Recorded data Start Marker

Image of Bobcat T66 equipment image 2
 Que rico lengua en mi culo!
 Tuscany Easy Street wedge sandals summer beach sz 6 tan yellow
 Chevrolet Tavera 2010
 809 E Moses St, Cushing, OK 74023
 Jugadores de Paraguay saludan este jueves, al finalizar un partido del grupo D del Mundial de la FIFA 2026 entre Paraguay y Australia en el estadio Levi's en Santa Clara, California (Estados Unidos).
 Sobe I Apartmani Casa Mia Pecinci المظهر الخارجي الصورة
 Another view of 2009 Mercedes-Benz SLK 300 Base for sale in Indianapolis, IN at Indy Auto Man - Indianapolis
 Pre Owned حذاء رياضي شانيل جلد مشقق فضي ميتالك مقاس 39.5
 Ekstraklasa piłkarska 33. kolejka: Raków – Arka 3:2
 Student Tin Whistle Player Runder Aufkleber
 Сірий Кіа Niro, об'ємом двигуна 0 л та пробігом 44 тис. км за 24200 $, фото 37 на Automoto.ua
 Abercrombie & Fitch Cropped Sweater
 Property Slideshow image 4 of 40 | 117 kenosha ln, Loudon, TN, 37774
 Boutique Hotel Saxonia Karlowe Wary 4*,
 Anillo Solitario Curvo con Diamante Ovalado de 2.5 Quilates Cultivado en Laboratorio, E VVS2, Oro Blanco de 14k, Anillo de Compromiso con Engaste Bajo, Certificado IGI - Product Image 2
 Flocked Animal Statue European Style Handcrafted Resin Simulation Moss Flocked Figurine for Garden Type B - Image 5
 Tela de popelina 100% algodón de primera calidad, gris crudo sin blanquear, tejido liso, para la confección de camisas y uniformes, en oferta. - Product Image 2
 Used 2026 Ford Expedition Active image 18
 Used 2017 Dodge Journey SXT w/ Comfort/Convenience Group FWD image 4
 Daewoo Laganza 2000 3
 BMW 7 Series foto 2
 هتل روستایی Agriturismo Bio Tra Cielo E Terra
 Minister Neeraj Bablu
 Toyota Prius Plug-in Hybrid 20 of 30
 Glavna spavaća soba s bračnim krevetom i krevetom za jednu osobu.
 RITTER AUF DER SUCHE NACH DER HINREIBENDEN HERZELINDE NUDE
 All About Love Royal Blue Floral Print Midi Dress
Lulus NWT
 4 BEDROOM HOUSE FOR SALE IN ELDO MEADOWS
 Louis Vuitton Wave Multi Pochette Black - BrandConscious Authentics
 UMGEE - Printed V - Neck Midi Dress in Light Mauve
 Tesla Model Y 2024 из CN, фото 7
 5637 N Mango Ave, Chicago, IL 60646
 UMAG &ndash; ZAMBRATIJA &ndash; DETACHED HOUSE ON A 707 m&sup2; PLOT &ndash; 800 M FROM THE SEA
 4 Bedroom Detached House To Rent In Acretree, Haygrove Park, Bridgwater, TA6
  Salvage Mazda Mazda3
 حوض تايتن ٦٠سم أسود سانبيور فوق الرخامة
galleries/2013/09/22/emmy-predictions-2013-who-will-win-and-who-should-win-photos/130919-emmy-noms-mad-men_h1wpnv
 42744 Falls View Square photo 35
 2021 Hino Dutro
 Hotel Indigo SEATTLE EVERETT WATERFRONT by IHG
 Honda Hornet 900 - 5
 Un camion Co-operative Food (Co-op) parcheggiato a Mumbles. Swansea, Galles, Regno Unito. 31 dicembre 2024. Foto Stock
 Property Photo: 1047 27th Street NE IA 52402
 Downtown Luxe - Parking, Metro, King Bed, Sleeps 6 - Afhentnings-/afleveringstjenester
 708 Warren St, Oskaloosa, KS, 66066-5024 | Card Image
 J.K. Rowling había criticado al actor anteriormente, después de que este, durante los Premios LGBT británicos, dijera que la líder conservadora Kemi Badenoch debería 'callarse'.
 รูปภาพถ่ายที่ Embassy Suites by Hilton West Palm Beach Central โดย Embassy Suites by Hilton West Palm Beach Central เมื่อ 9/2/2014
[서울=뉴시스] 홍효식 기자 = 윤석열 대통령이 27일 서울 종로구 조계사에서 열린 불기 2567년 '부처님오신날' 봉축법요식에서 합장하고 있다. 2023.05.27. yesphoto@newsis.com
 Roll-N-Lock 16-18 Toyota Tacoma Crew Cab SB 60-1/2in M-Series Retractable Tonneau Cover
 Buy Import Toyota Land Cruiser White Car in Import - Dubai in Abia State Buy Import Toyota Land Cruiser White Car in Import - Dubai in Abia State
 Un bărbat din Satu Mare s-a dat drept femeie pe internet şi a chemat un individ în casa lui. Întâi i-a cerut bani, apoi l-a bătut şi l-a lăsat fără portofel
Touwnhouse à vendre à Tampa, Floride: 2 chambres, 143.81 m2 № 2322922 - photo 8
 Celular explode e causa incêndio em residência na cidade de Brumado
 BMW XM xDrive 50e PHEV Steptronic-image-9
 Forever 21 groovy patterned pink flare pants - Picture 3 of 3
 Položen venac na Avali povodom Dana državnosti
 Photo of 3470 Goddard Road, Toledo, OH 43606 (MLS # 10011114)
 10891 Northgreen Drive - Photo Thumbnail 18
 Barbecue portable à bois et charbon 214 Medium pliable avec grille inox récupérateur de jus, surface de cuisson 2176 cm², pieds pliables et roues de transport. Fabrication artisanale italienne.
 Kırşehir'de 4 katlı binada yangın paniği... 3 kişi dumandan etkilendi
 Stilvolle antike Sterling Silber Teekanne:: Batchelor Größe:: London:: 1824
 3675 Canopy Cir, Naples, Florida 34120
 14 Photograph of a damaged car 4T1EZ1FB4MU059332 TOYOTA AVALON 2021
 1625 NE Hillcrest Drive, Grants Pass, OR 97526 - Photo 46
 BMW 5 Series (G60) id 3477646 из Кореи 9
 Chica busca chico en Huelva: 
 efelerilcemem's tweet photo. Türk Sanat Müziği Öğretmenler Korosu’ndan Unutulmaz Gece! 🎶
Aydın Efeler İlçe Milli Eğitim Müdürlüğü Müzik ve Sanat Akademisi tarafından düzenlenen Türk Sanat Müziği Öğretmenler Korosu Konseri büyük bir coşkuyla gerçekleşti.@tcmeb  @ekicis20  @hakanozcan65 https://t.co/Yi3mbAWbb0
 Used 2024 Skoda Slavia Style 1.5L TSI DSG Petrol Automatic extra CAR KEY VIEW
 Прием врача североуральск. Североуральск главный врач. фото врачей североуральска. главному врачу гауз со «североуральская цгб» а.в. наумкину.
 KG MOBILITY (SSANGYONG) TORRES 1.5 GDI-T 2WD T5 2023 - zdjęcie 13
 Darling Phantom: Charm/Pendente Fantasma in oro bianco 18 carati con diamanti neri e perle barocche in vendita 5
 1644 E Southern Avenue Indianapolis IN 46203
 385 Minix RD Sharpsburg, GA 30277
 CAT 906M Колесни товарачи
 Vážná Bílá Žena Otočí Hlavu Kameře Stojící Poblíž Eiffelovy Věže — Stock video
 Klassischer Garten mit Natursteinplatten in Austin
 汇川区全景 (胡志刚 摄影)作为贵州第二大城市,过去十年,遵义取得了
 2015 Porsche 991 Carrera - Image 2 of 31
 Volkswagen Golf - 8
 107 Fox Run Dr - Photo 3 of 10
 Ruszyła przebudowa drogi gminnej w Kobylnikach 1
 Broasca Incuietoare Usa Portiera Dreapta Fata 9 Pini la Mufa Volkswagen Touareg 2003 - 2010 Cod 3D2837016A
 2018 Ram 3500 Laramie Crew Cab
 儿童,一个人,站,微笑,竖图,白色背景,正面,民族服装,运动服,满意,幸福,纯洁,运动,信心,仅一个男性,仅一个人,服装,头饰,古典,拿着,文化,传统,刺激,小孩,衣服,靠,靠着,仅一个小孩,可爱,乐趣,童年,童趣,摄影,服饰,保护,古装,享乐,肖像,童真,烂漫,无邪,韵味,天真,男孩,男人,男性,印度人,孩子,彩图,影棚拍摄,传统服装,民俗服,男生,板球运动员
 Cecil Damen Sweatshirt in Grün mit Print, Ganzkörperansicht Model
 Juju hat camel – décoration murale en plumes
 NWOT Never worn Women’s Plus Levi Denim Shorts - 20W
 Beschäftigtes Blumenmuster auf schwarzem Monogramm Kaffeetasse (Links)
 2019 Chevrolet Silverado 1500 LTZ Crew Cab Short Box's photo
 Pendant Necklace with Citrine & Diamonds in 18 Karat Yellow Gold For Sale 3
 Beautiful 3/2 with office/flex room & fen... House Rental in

Recorded data End Marker

■ Problem to solve: Out of the data above, give again only the lines starting at the one holding "Roll-N-Lock 16-18 Toyota" and ending at the one holding "Abia State Buy", unchanged.

■ Result of this task:
 Roll-N-Lock 16-18 Toyota Tacoma Crew Cab SB 60-1/2in M-Series Retractable Tonneau Cover
 Buy Import Toyota Land Cruiser White Car in Import - Dubai in Abia State Buy Import Toyota Land Cruiser White Car in Import - Dubai in Abia State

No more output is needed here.